### [Aim of the exercise]
From the first line to the last, retype the records exactly without their images.
━━━━━━━━━━━━━━━━━━━━
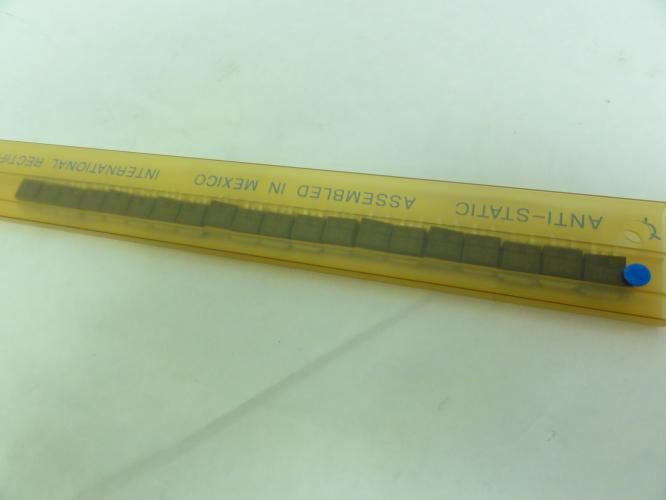 Vishay IRL630S; Lot-20 Mosfet Transistors; 200V; 9A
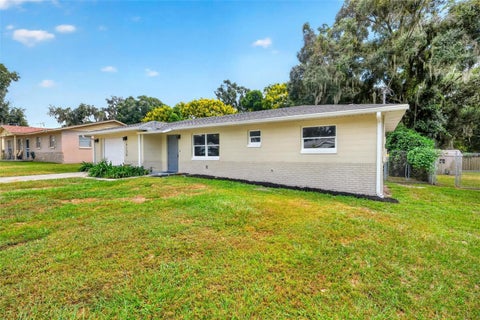 Tiny photo for 6138 Highland Avenue, Leesburg, FL 34748 (MLS # G5118525)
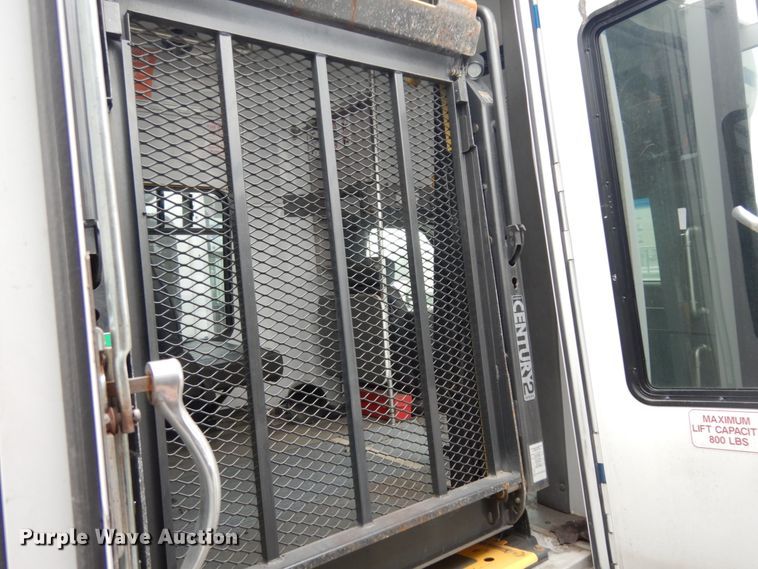 image for item DM2931 2010 Ford Econoline E450  shuttle bus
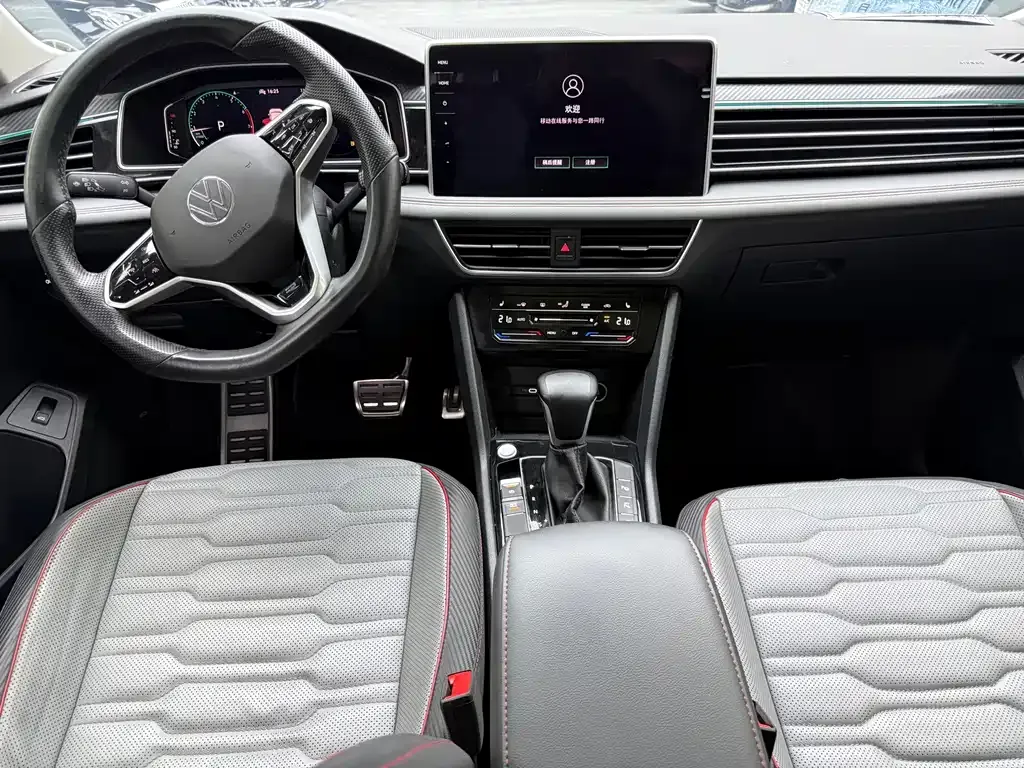 Volkswagen Tiguan L — фото 7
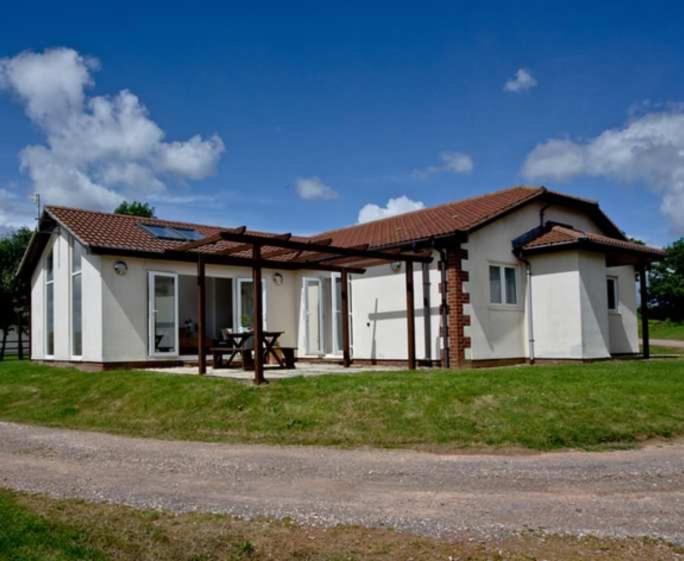Lovely 2 Bedroom Holiday Chalet Near 锡德茅斯 外观 照片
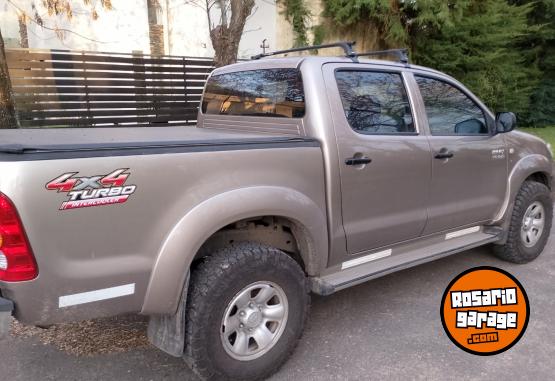 Camionetas - Toyota Hilux SR 3.0 4x4 abs 2010 Diesel 310000Km - En Venta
━━━━━━━━━━━━━━━━━━━━
### [Solved problem]
 Vishay IRL630S; Lot-20 Mosfet Transistors; 200V; 9A
 Tiny photo for 6138 Highland Avenue, Leesburg, FL 34748 (MLS # G5118525)
 image for item DM2931 2010 Ford Econoline E450  shuttle bus
 Volkswagen Tiguan L — фото 7
Lovely 2 Bedroom Holiday Chalet Near 锡德茅斯 外观 照片
 Camionetas - Toyota Hilux SR 3.0 4x4 abs 2010 Diesel 310000Km - En Venta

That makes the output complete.